With the management server open, I can see the songs that needs matching in
**Unassigned items** section. The **Available entries to match** number
verifies that the event metadata (the previous step) is properly entered to
the database (otherwise it displays 0).

![](./docs/images/admin-unassigned.png)

To speed up this process, I can click on the **Auto-match** button to match
the BMS header data to the entry automatically.

In this example I can now see that 36 entries out of 39 are matched properly,
while 3 are not and require manual matching.

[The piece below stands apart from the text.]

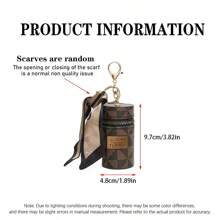 1pc Portable Coin Pouch & Car Keychain, Mini Fashionable Key Ring Casual Car Accessories Bag Charm School Letter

![](./docs/images/admin-automatch.png)

Non-matching happens when the metadata in the BMS headers does not match the
metadata in the venue. Maybe they are spelled differently or have “(BMS Edit)”
added to the title.

Once everything is matched up, I can click the **Save changes** button to save
everything to the songs database.

- **Synchronize the rendered songs to the seedbox.** The renderer worker script
start the rendered files in Google Cloud Storage. However, there are costs
associated with bandwidth these files from the radio station. To reduce the
operation costs, I synchronize the files from Google Cloud to my seedbox, and
configure the radio broadcast to stream songs from the seedbox instead.
`gsutil -m rsync -d gs://bmsurge-renders/ public/mp3/`

- **Update the songlist on the radio station.** To keep things decoupled (and to
save costs), the broadcasting system (`dj`) does not read from the database
directly. It said it has an internal songlist which must be updated when we
update the song library.
`node src/index.js songlist --update -o private/_songlist.json`

- **Update the search index.** This allows songs to be requested.
`node src/index.js songlist --index='2020-08-01T00:00:00.000Z' --update`

- **Update the server status.** I run a script that reads the song list and
updates the server status accordingly.

- To generate server status, in `manager`, run
`ruby scripts/generate_description.rb`.